Whereas I admire Krakaeur for his exhaustive research, his broader implications, and for outing (or further outing) Mortenson--I can't help but be somewhat suspicious of the fact that the point of the article is to reveal Mortenson's fabrications and difficult personality. Well before halfway through I get an "okay, enough already" feeling. I actually find Callahan's narrative with what he did experience out in the Wakhan, and details such as Abdul Rashid Khan's "wry sense of humor" (64), the most compelling parts of this article. I also loved learning about Hoerni and Wilson, and how Hoerni and Mortenson hit it off. To me, what Wilson contributed was the most revealing in terms of Mortenson's character: "he struggled to find a place in our Western culture" (29).

I think others mentioned their frustration with the abrupt ending, ending on Hornbein's words rather than his own, and I think I feel a similar frustration--I wanted Krakauer to bring it up to the next level, to say something grander about the pressure of catering to consumers and making sure that a book hits the shelves by Dec. 1st, just in time for the shopping season. Or I wanted him to leave us on a bigger note of the feel-good narrative, how we're all gullible readers. I guess I'm left wondering to make of all this except, don't lie, and don't do major heroic-looking tasks simply to "anchor the narrative" (67), which I think I knew already. Perhaps I'm expecting too much?

On the other hand, I do get the sense that Krakauer's work isn't really finished here, and that this article is an investigative cliff hanger: the saga will continue. I checked out Central Asia Institute's website, and Mortenson's defense to the various lawsuits that have ensued is pretty pathetic. And I become suspicious looking at the FAQ page--each "question" leading to basically the same explicit instructions on how to send money (there's really nothing else you can do for the organization)--including which currency to send it in. (I love this repeated line: "While our co-founder, Greg Mortenson, would like to provide personal guidance in your efforts, there are already too many demands on his time.")

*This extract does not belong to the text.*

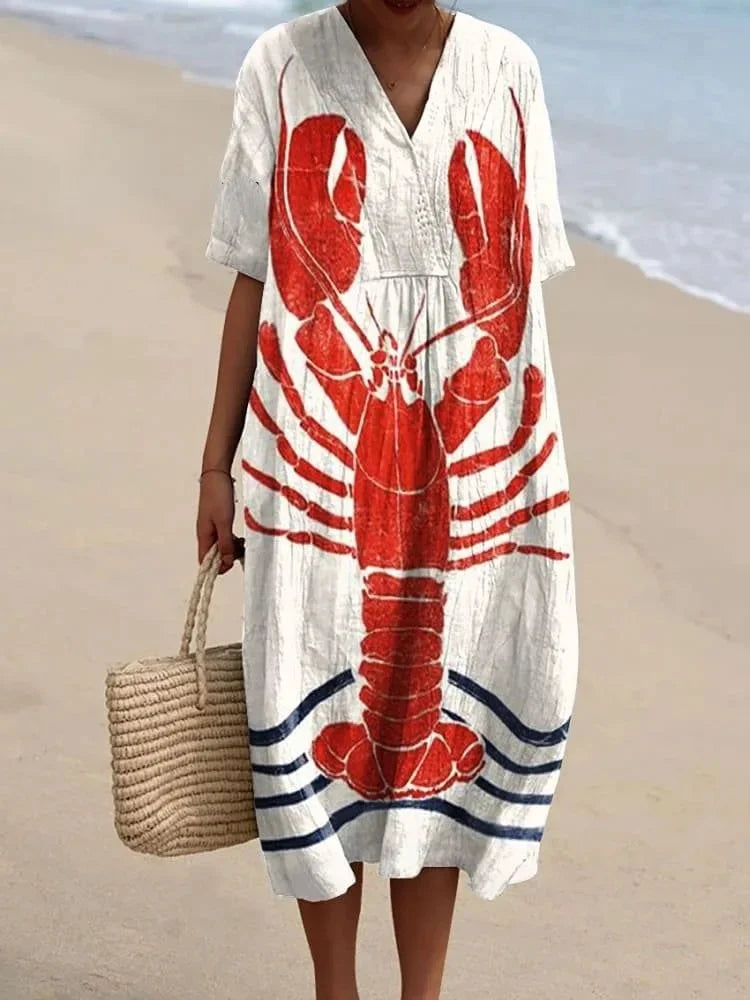 Robe Femme T-shirt Grande Taille à Manches Courtes Motif Océan Coton 9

On a structural note, I admire the way Krakauer deftly juggles the three various threads he's working with towards the end of the article. The three sections coalesce nicely, and Krakauer's able to show how the fabrication of the events, the shady financial dealings, and the empty schools all tie together:

All that remained was the final chapter—
which couldn’t be written until the school was completed.
Anxiety over whether a happy ending would take place in
time for Stones to arrive at bookstores before Christmas cre-
ated considerable suspense in the offices of Viking Penguin.
To generate suspense on the page, Mortenson injected
the failing health of Abdul Rashid Khan into the narrative. (64)

And so on and so forth.

So, I guess what I take away is a great example of how to research properly and how to construct an intricate, fool-proof, and compelling narrative. But at times I feel like the effort to keep reaming out Mortenson detracts from the piece, oddly enough. (For example, I feel like Krakauer is a little to eager to emphasize how Mortenson failed to summit K2). I'm compelled to explore the idea of how responsible we are as readers, and how we might even be "enablers of fraud," as Krakauer suggests.